Plame in the Courtroom
Is the Intelligence Identities Protection Act really impossible to prove?
By Elizabeth de la Vega
Pundits right, left, and center have reached a rare unanimous verdict about one aspect of the grand jury investigation into the Valerie Plame leak: They've decided that no charges can be brought under the Intelligence Identities Protection Act of 1982, because it imposes an impossibly high standard for proof of intent.
Typically, writing for Slate on July 19th, Christopher Hitchens described the 1982 Act as a "silly law" that requires that "you knowingly wish to expose the cover of a CIA officer who you understand may be harmed as a result." Similarly, columnist Richard Cohen, in the July 14 Washington Post, said he thought Rove was a "political opportunist, not a traitor" and that he didn't think Rove "specifically intended to blow the cover of a CIA agent." Such examples could be multiplied many times over.
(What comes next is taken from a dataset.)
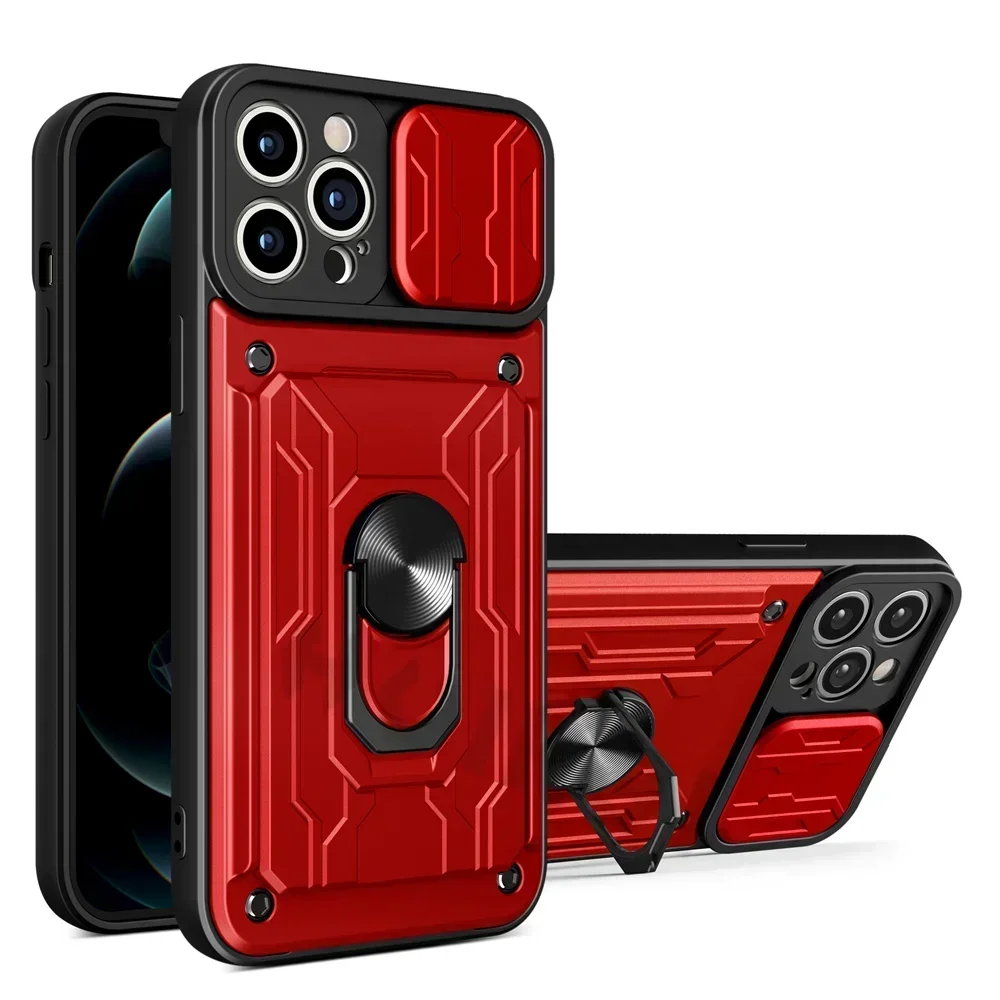 (vermelho, Iphone Air) Capa Com Anel Magnético 360°, Porta-cartão E Tampa Deslizante Para Câmera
Shocking as it may seem, however, the pundits are wrong; and their casual summaries of the requirements of the 1982 statute betray a fundamental misunderstanding regarding proof of criminal intent.
Do you have to intend to harm a CIA agent or jeopardize national security in order to violate the Intelligence Identities Protection Act? The answer is no.
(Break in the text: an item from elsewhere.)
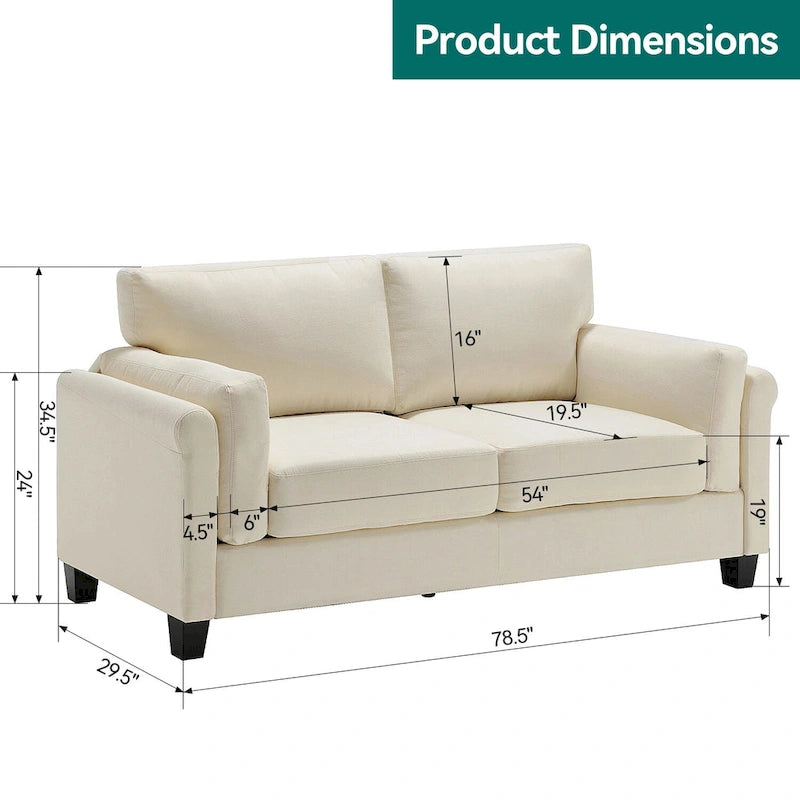 Canapé double accoudoir moderne, assise profonde, dossier avec coussins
Before presenting any case, a prosecutor like Special Counsel Patrick Fitzgerald in the Plame case has to figure out "the elements of the crime"; in other words, the factors he has to prove under whatever statute he is considering. If a grand jury finds probable cause to believe that each element has been proved, it may then return an indictment. At trial, the judge instructs the jury about these same elements. Parties can argue about whether the elements have been proved beyond a reasonable doubt, but neither side can add, delete, or modify the elements even slightly to suit their arguments.
Why can't you change the elements? Because they come from the exact wording of the statute.
This then is what the Intelligence Identities Protection Act of 1982 says:
"Whoever, having or having had authorized access to classified information that identifies a covert agent, intentionally discloses any information identifying such covert agent to any individual not authorized to received classified information, knowing that the information disclosed so identifies such covert agent and that the U.S. is taking affirmative measures to conceal such covert agent‘s intelligence relationship to the U.S. [shall be guilty of a crime]."
To figure out the elements that must be proved, you simply break this run-on sentence into subparts in the following manner:
A defendant must:
(1) have authorized access to classified information that identifies a covert agent;
(2) "intentionally disclose" the information;
(3) disclose it to one not authorized to receive classified information;
(4) know the information he is disclosing identifies the covert agent; and
(5) know that the U.S. is taking affirmative measures to conceal the covert agent's intelligence relationship to the United States.
Proof of these five elements -- and no others -- is what's required under the 1982 legislation.